Take a Drink: for every fight
Take a Drink: for every make up
Take a Drink: for photos
Take a Drink: for every mention of a kid
Do a Shot: if/when you learn something new about technology
Do a Shot: for surprise nudity
By: Henry J. Fromage (Two Beers) –
Long distance relationships suck. If you’ve ever been in one you know, and if you haven’t ask anyone. It’s one of the world’s few unanimous opinions.
I’m sure Armond White says he loves them, but we all know the truth.
10.000 KM begins with a happy relationship at the moment it starts to take a less than happy path. Alex (Natalia Tena) gets the opportunity of a lifetime- a photography fellowship that Sergi (David Verdaguer) reluctantly agrees she needs to take. Soon, however, the 10,000 km/6,000 miles between L.A. and Barcelona start to wear on their relationship.

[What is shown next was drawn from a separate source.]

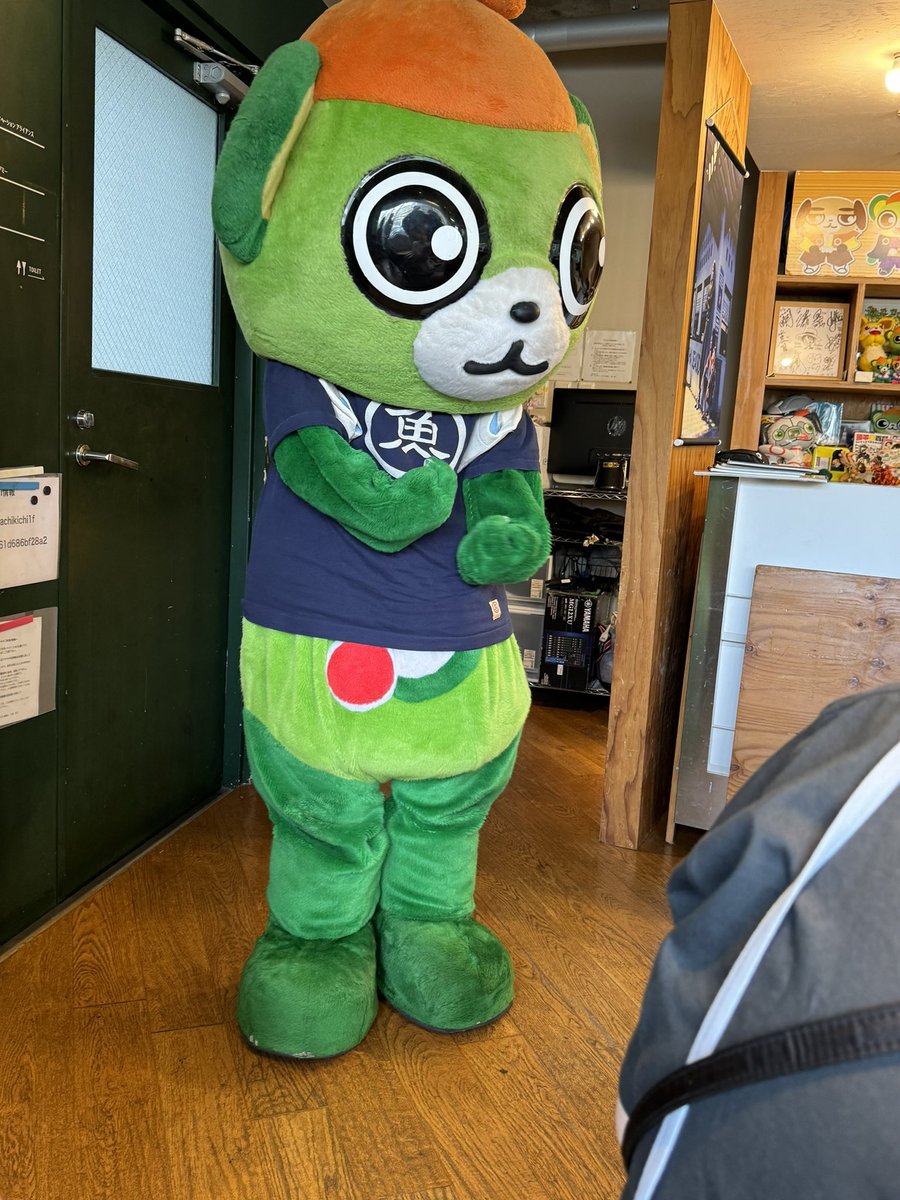 yo_tan's tweet photo. こちらは脇を冷やすタイプ☆
色々あるんだね〜
お外に行くには少し邪魔そうだけど、お熱出た時とかに良さそう!!
#大崎さんと暑い初夏 #大崎一番太郎project30 #ride16 https://t.co/ZPw8OpXNKW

Director/co-writer (with three others) Carlos Marques-Marcet has clearly been in a modern long-distance relationship. He knows what it’s like to live with one eye perpetually watching Skype or Facebook, the sad, almost greasy feeling of trying to satisfy certain baser urges via videochat (protip guys: not many ladies actually enjoy this), and the uniquely internet age neurosis of obsessively typing, retyping, rereading, and regretting messages in the heat of emotion.
Many films these days are trying to suss out the cinematic possibilities of the computer screen, but Marques-Marcet delivers the most realistic depiction of smartphone and laptop living I’ve seen to date. I even picked up some sweet Google Maps tips.
None of this would have hit with the body blow it does without the character work of Tena (who you may recognize from Game of Thrones) and Verdaguer. They both underplay scenes that could easily stray into melodrama beautifully, and the fact you stay invested in their relationship throughout is a testament to their strong work.
The film opens with an ambitious 20-odd minute single take that is impressive technically, but feels a bit stagey and artificial in execution. Verdaguer’s character in particular feels a bit random in his emotional outbursts- more a script than acting issue. Final nitpick- Tena’s Spanish lisp yielding to an almost Cockney accent… gross.
There is no ‘r’ at the end of ‘draw’, people.
10.000 KM is a painfully realistic portrait of the ups and many, many downs of maintaining a long-distance relationship.